Once you have UserWay integrated, remember to keep testing! Every website is different, and so is every screen – so continuously check the performance. Remember that some users may not use the widget, so having the underlying accessibility in compliance is the best place to start.
Integrating UserWay in Solodev
Step 1. Go to userway.org and enter your website's address:
Step 2. Enter your name and e-mail address to sign-up:
Step 3. Choose your preferred icon type:
Step 4. Choose a size for your accessibility button:
Step 5. Choose a color for your accessibility button:
Step 6. Pick a position for your accessibility button:
Step 7. Choose your widget's language:
Step 8. If your website already has an accessibility statement, click "Yes." Otherwise, click "No/I don't know." If the latter is the case, we strongly recommend adding a compliance statement to your website. Always confer with your legal counsel, but here's a great resource for some guidance.

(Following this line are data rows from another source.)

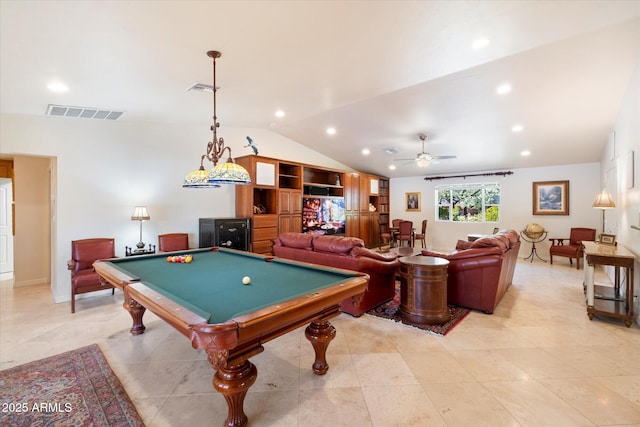 playroom featuring ceiling fan, lofted ceiling, and billiards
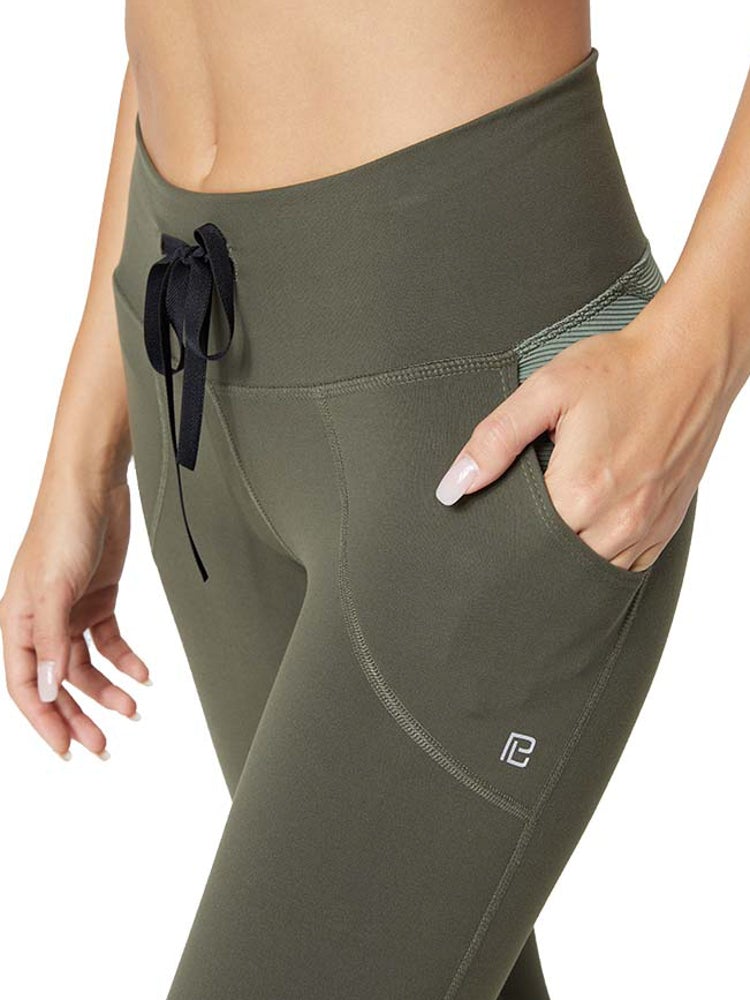 Geo Legging Army & Olive | BodyLanguageSportswear | ARMY/L.T.OLIVE | product | Back by popular demand, the Geo Legging is our midrise silhouette that features a contrasting back, 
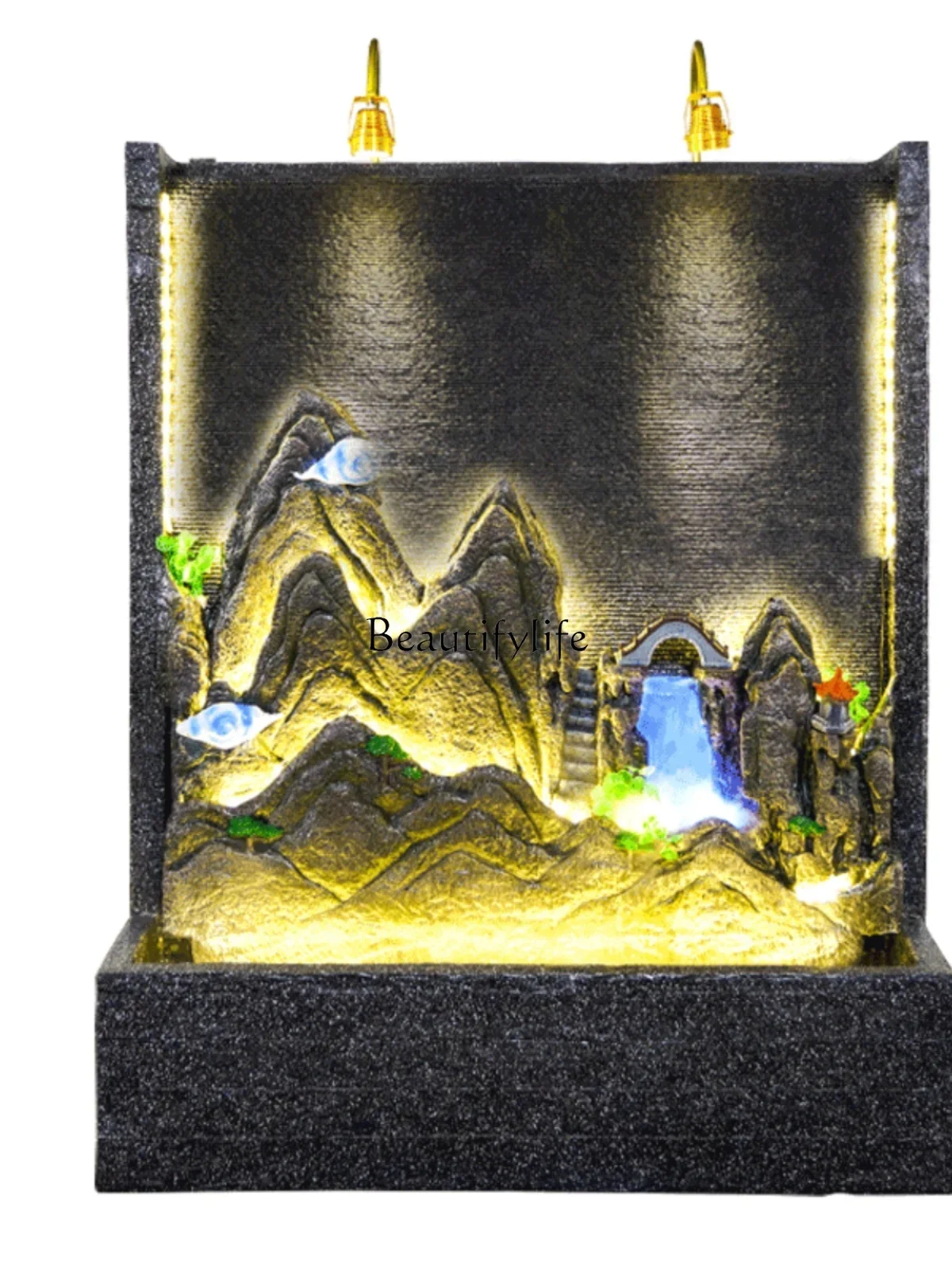 X4 Rockery Water Curtain Wall Circulation Water Fountain Hall Courtyard Fortune Fengshui Wheel Humidifier Fish Pond Ornaments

Step 9. Choose which branded version of the widget you'd like to have:
Step 10. Here's the actual code you insert on your website. Choose the type of script you'd like to use and click on the "copy" button to copy the entire code – then paste it right before the body tag ends:
Step 11. As the last step, we'll add the script tag. The base template in Solodev contains the essential resources that will be included in every web page on your website. Since the UserWay accessibility widget needs to appear on all pages of your website, we'll copy and paste it inside the basetemplate.tpl:
And there it is! Your UserWay icon should appear as shown – and with a single click, you can launch the UI and start adjusting your accessibility controls.